• **YOUR ASSIGNMENT**: Please set down only the lines from the one containing "390 Hidden Creek Rd, Lake Zurich, IL 60047" through the end of the entries below, exactly, minus any pictures.

(Beginning of INPUT)

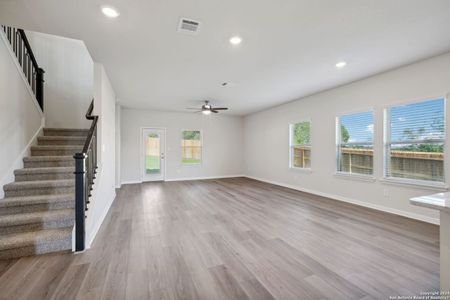 New construction Single-Family house 552 Shelton Pass, Cibolo, TX 78108 The Pearl (C452)- photo 6 6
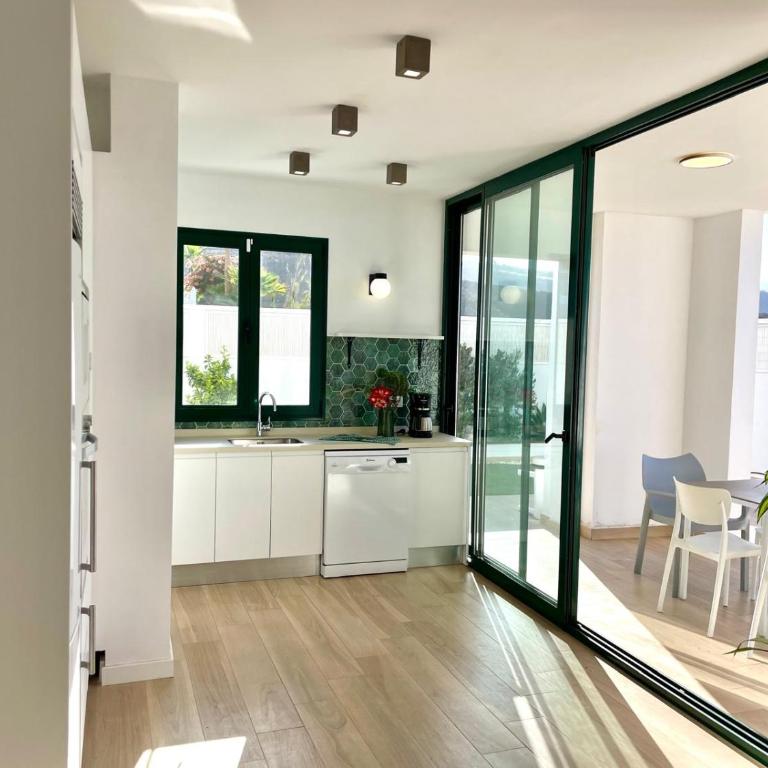 Lilias home - private heatable pool, BBQ, free wifi - Three-Bedroom Apartment - 5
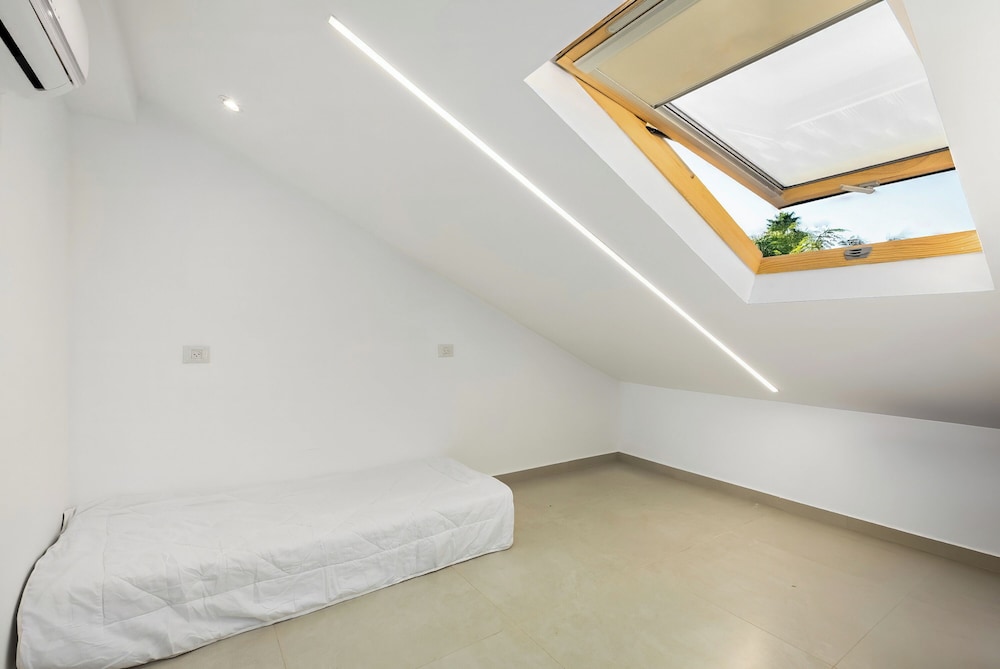 Sunny Hilltop Hideaway by Sea N' Rent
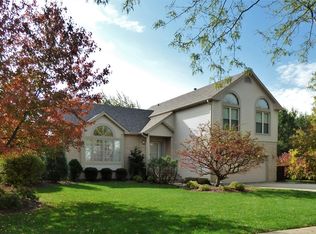 390 Hidden Creek Rd, Lake Zurich, IL 60047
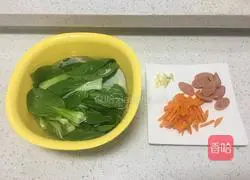 Illustration of how to make ham fried noodles 1
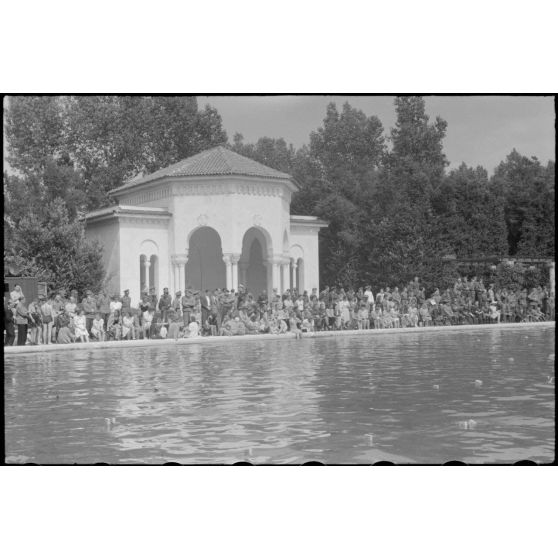 A Belgrade, un public nombreux est venu assister à des épreuves de natation (Schwimmfest).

(End of INPUT)

• **ANSWER BOX**:
 390 Hidden Creek Rd, Lake Zurich, IL 60047
 Illustration of how to make ham fried noodles 1
 A Belgrade, un public nombreux est venu assister à des épreuves de natation (Schwimmfest).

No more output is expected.